> [Problem to solve] All that is wanted is the exact text of the lines below from the one with "Framed Print : Chelsea" through the one with "Житомир центр міста ввечері", inclusive, minus any pictures.

+++ Records provided +++

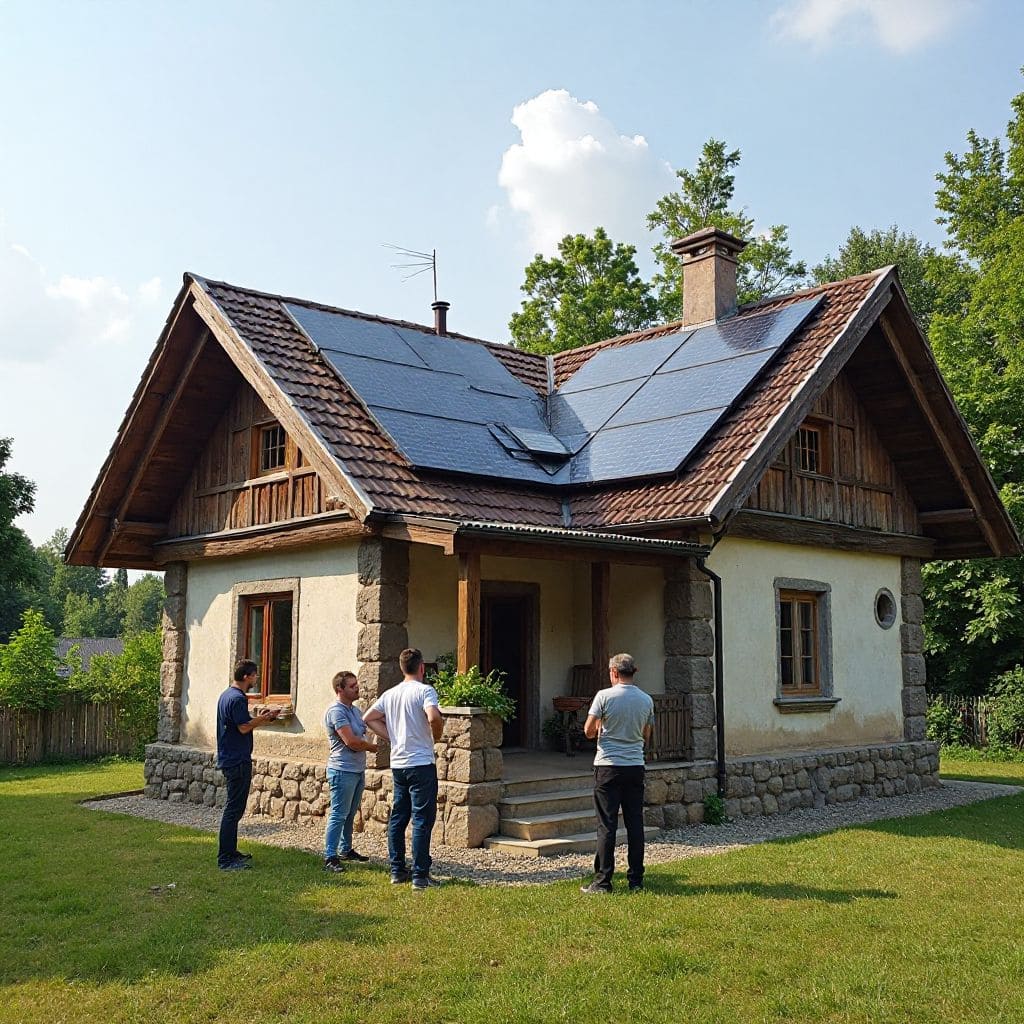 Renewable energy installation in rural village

+++
+++ Records provided +++

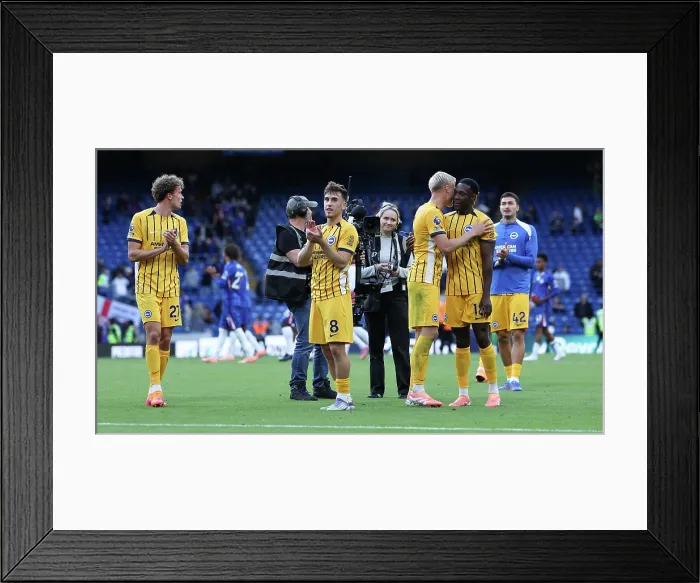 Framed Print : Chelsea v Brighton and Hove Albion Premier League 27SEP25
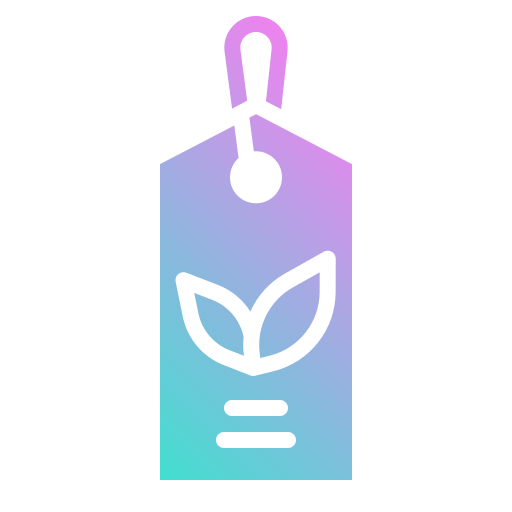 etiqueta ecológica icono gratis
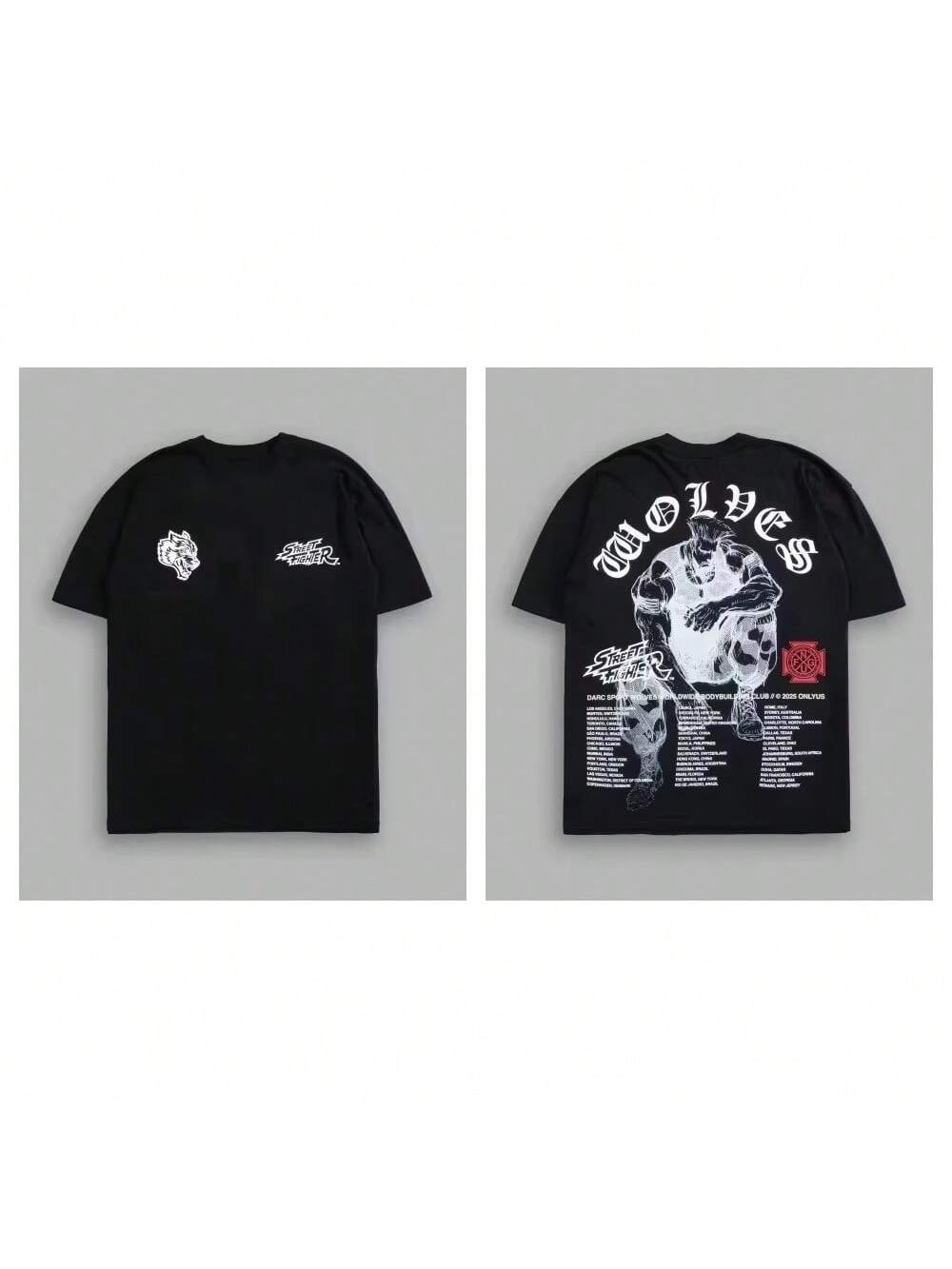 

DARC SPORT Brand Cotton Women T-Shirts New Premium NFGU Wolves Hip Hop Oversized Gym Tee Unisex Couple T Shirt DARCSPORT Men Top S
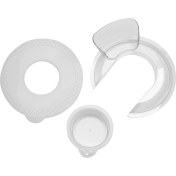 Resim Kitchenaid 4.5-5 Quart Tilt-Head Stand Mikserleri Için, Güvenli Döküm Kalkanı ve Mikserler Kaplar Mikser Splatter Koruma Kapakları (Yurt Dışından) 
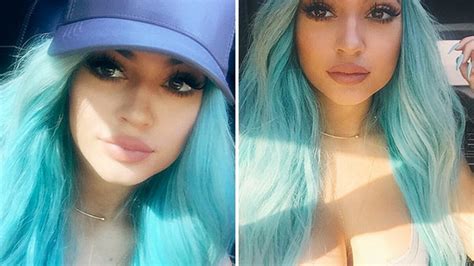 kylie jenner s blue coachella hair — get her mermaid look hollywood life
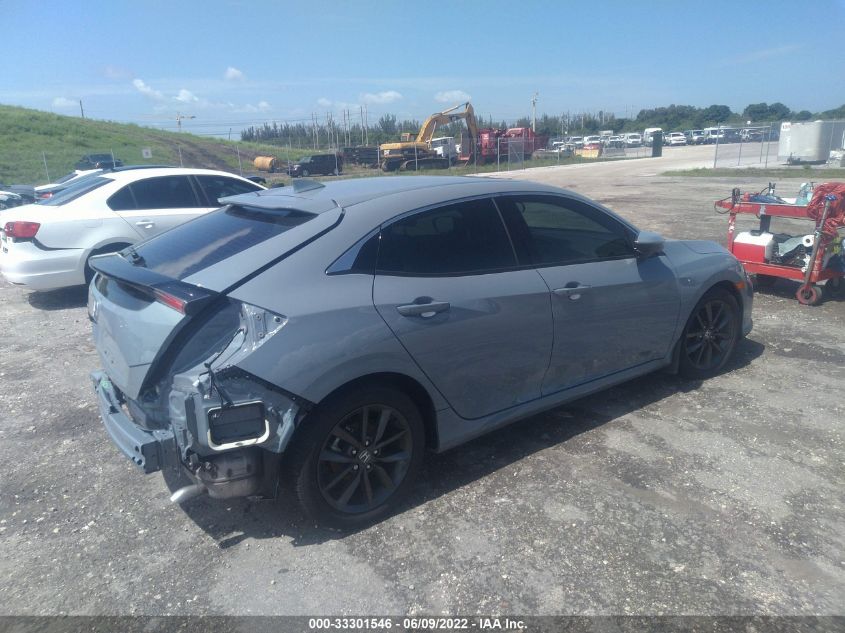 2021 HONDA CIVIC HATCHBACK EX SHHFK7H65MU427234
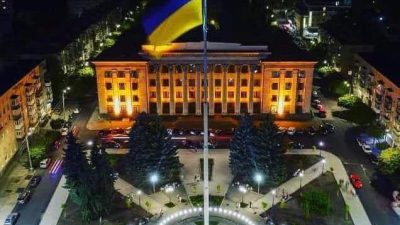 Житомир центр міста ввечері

+++

> [Output for this exercise]
 Framed Print : Chelsea v Brighton and Hove Albion Premier League 27SEP25
 etiqueta ecológica icono gratis

DARC SPORT Brand Cotton Women T-Shirts New Premium NFGU Wolves Hip Hop Oversized Gym Tee Unisex Couple T Shirt DARCSPORT Men Top S
 Resim Kitchenaid 4.5-5 Quart Tilt-Head Stand Mikserleri Için, Güvenli Döküm Kalkanı ve Mikserler Kaplar Mikser Splatter Koruma Kapakları (Yurt Dışından) 
 kylie jenner s blue coachella hair — get her mermaid look hollywood life
 2021 HONDA CIVIC HATCHBACK EX SHHFK7H65MU427234
 Житомир центр міста ввечері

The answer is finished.